Peek at queued task's latency in a thread pool #131329

DiannaHohensee · 2025-07-15T21:33:08Z

Relates ES-12233

This was described here and requested here.

This has a lot of type casting.. I'm not sure what our policy is on using this much type casting in production code?

elasticsearchmachine · 2025-07-15T21:33:33Z

Pinging @elastic/es-distributed-coordination (Team:Distributed Coordination)

DiannaHohensee · 2025-07-15T21:37:26Z

...elasticsearch/common/util/concurrent/TaskExecutionTimeTrackingEsThreadPoolExecutorTests.java

+    public void testFrontOfQueueLatency() throws Exception {
        ThreadContext context = new ThreadContext(Settings.EMPTY);
-        RecordingMeterRegistry meterRegistry = new RecordingMeterRegistry();
-        final var threadPoolName = randomIdentifier();


Both of these were unused, so I took the opportunity to delete them. Does mess up the diff, a bit, though.

DiannaHohensee · 2025-07-15T21:39:51Z

...elasticsearch/common/util/concurrent/TaskExecutionTimeTrackingEsThreadPoolExecutorTests.java

+                // Release any potentially running task. This could be racy (a task may start executing and hit the barrier afterward) and
+                // is best-effort.
+                safeAwait(barrier);
+            }


The test failure output focuses on CyclicBarrier timeout because a Task is hanging during execution in the thread pool. An assert from the try-block is also reported if you dig around the failure stacks, but I think this might help make failure causes more obvious when a task is left running.

Hmm, I think we're ok with digging through exception logs looking for the right one, so this isn't really needed. Moreover I think it doesn't work reliably, if we're stuck at the first barrier then releasing it will briefly have barrier.getNumberWaiting() == 0 until the executor gets to the second barrier, so we might leave the loop anyway. I'd rather just drop this code and (like we do in lots of other places) accept that the first-reported exception isn't necessarily the root cause of the test failure.
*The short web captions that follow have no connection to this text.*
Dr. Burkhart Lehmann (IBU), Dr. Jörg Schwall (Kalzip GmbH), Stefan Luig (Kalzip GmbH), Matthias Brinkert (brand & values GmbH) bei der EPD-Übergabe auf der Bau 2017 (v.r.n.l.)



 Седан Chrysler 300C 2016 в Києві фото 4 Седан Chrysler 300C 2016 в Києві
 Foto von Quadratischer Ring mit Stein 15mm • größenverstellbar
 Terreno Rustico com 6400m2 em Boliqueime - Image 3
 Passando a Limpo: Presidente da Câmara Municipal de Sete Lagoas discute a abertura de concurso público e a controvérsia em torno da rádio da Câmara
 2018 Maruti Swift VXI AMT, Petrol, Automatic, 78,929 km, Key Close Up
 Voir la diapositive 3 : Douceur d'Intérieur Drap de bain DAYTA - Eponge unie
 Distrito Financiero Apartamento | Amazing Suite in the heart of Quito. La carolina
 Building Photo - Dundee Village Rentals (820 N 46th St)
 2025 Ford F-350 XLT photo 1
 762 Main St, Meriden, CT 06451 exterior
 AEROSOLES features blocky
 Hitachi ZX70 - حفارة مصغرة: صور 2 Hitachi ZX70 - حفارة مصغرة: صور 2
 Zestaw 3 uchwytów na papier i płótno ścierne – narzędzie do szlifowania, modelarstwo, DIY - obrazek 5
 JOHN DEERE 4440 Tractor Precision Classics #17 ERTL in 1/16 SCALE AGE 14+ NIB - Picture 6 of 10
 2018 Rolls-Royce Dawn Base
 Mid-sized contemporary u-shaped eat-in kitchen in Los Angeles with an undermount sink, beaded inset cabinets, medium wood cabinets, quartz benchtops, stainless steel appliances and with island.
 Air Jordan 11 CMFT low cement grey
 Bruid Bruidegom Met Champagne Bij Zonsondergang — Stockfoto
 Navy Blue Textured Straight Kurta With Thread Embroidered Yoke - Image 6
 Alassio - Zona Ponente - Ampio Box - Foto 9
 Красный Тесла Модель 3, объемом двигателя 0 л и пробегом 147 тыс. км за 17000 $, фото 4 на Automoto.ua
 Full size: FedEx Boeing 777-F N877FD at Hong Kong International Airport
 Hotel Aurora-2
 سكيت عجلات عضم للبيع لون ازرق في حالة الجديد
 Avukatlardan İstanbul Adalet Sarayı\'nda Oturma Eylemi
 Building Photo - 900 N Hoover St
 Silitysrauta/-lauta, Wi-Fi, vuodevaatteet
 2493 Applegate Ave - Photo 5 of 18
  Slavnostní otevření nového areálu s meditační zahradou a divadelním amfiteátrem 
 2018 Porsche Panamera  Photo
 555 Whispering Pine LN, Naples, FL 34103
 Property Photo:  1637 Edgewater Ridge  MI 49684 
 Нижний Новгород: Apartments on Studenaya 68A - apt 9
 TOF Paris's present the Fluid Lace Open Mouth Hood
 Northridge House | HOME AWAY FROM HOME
Yes, it is best-effort only. I didn't have the test running successfully at first, so I had to debug it :) Sure, removed, since it's normal 👍

DiannaHohensee · 2025-07-18T19:25:08Z

@nicktindall Not sure if you've been busy, or have concerns whether we want to continue using queue latency? I brought up a new discussion thread in the project channel to clarify. I do think queue latency is still important.

nicktindall

Sorry for the delay here, not sure what was discussed today, but let's hold off merging until we know what (if any) role queue latency will play in the decider.

nicktindall · 2025-07-22T04:27:50Z

...elasticsearch/common/util/concurrent/TaskExecutionTimeTrackingEsThreadPoolExecutorTests.java

        var adjustableTimedRunnable = new AdjustableQueueTimeWithExecutionBarrierTimedRunnable(
            barrier,
-            TimeUnit.NANOSECONDS.toNanos(1000000)
+            TimeUnit.NANOSECONDS.toNanos(1000000) // Until changed, queue latencies will always be 1 millisecond.


Why not TimeUnit.MILLISECONDS.toNanos(1); ?

Sure, changed 20641af

...elasticsearch/common/util/concurrent/TaskExecutionTimeTrackingEsThreadPoolExecutorTests.java

…d peek is longer than the first

DiannaHohensee · 2025-07-23T19:07:22Z

Thanks for the review. Yep, we'll discuss in the sync 👍

DaveCTurner

Makes sense to me

DaveCTurner · 2025-07-31T13:20:11Z

...elasticsearch/common/util/concurrent/TaskExecutionTimeTrackingEsThreadPoolExecutorTests.java

+            executor.execute(() -> {});
+
+            var frontOfQueueDuration = executor.peekMaxQueueLatencyInQueue();
+            assertThat("Expected a task to be queued", frontOfQueueDuration, greaterThan(0L));


This is assuming that System.nanoTime() advances by at least 1ns in between the second call to executor.execute() and the call to peekMaxQueueLatencyInQueue() and that's not a safe assumption, the clock ticks can be coarse enough to see the same time in both places. It needs us to sleep in a loop until we ourselves see the nanoTime() advance.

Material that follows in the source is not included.